Data extract Block Start

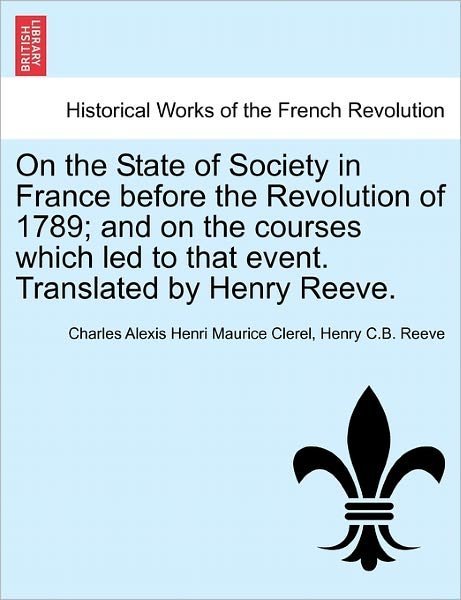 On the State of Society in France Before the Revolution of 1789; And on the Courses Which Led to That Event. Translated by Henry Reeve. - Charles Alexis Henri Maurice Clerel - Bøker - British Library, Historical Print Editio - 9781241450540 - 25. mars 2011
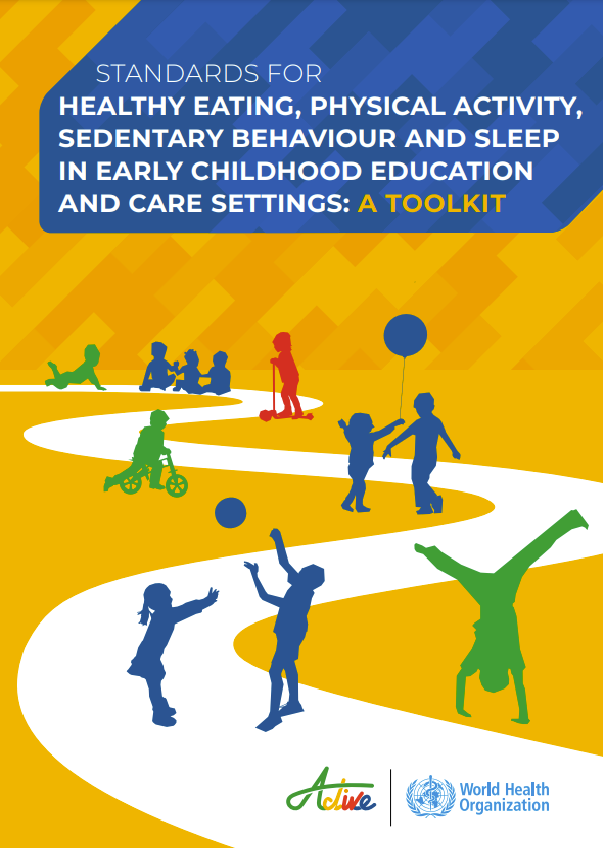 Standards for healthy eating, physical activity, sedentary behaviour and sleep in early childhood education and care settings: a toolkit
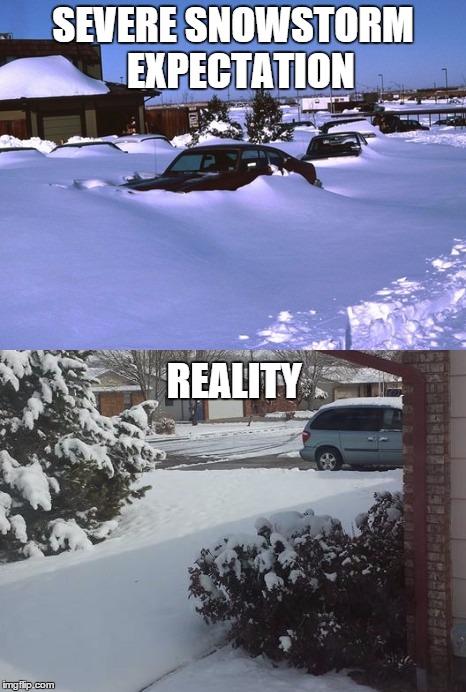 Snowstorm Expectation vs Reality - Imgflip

Data extract Block End

- [Task brief]: Give back the material exactly as written, images excluded.

- [Expected answer]:
 On the State of Society in France Before the Revolution of 1789; And on the Courses Which Led to That Event. Translated by Henry Reeve. - Charles Alexis Henri Maurice Clerel - Bøker - British Library, Historical Print Editio - 9781241450540 - 25. mars 2011
 Standards for healthy eating, physical activity, sedentary behaviour and sleep in early childhood education and care settings: a toolkit
 Snowstorm Expectation vs Reality - Imgflip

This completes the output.